Concerns have been raised about the loitering of uniformed school children at a number of city bus parks where they also smoke marijuana.
However, ‘A’ Division Commander, Assistant Commissioner, Marlon Chapman said since he has been posted to the division a few months ago, the Ministry of Education has not asked for help in countering deviant behaviour by students.
“We cannot take away the fact that the School Welfare Department has a function…I know that there are times when they would make requests for assistance from us and readily that assistance is granted. I have to say we have received no request since I came to ‘A’ Division; at ‘C’ Division it used to be a regular feature,” Chapman said.
Chapman agreed that children should not be loitering and that the Deputy Divisional Commander often chases them off the park.
He said in the past plainclothes police have been deployed to deal with marijuana smoking at the park, but “the success has been marginal.” Chapman promised to take further steps to address the problem.
Anglican Priest, Clifton Elias told a stakeholders meeting with top divisional police officers that he was”appalled” at the number of mainly secondary school students being on the streets long after 9:30 AM.
“If those children at the market square there now have any regard for policemen, they will cease doing many things that are being done there to the detriment of our country,” said Elias.
Elias said he often wonders whether there is a relationship between the Ministry of Education and the Ministry of Public Security to deal with concerns such as loitering school children. Elias recommended that the two government ministries work closely to grow and develop children.
A pastor said marijuana use is prevalent around the bus park at the Stabroek Market area. “A lot of school children after hours are indulging in smoking marijuana right around the same area so you need to get some plainclothes police to do some work and put them before the court,” the pastor said.
The Community Relations Officer for ‘A’ Division promised to also visit North Ruimveldt Multilateral and the East Ruimveldt School to talk with teachers to about fighting by students.
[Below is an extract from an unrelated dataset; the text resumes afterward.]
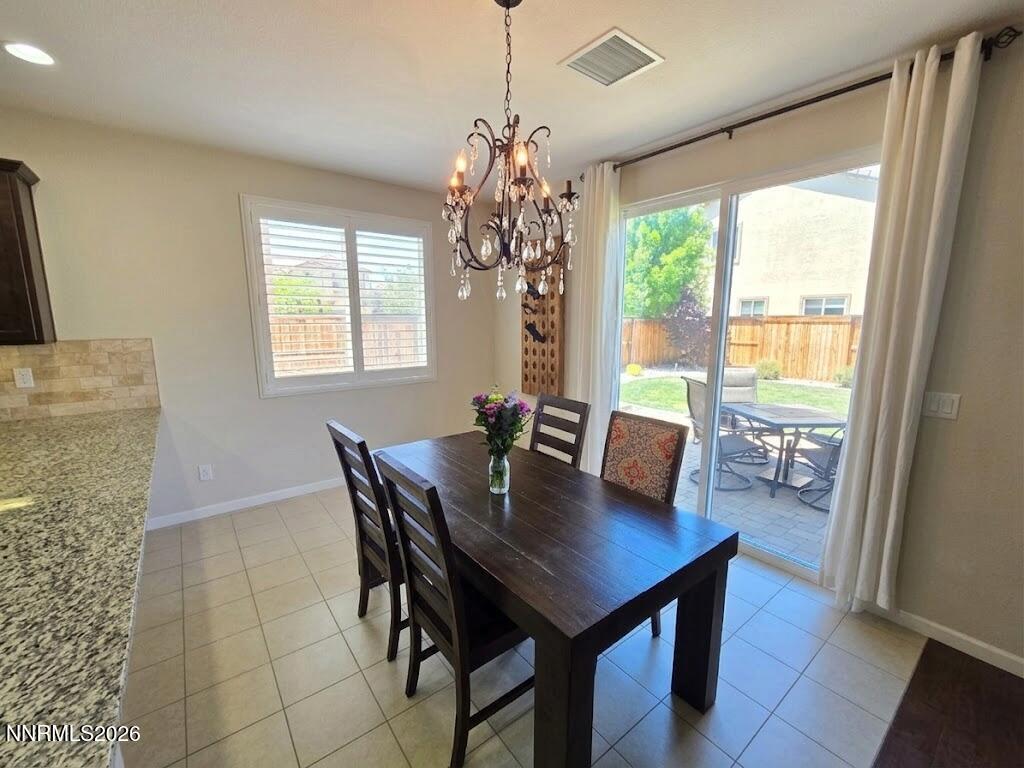 2775 Bonfire Lane Reno, NV 89521 - Photo 16 of 41 a view of a dining room with furniture and wooden floor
Project Impact (Albouystown) member, Seeram Madray praised Sergeant Beckles for voluntarily visiting the Charlestown Secondary School for the past two years and meeting with students and teachers to address concerns and motivate them positively. He recommended that other police officers conduct similar exercises at nearby schools.
“This has brought about a change from children going to school with sharp objectives- knives and other things- and I don’t know if you can ask other police officers to go to schools close to their stations and just have a chat with the students and the teachers once a month or once every two months and see the difference that it will make in the schools,” he said.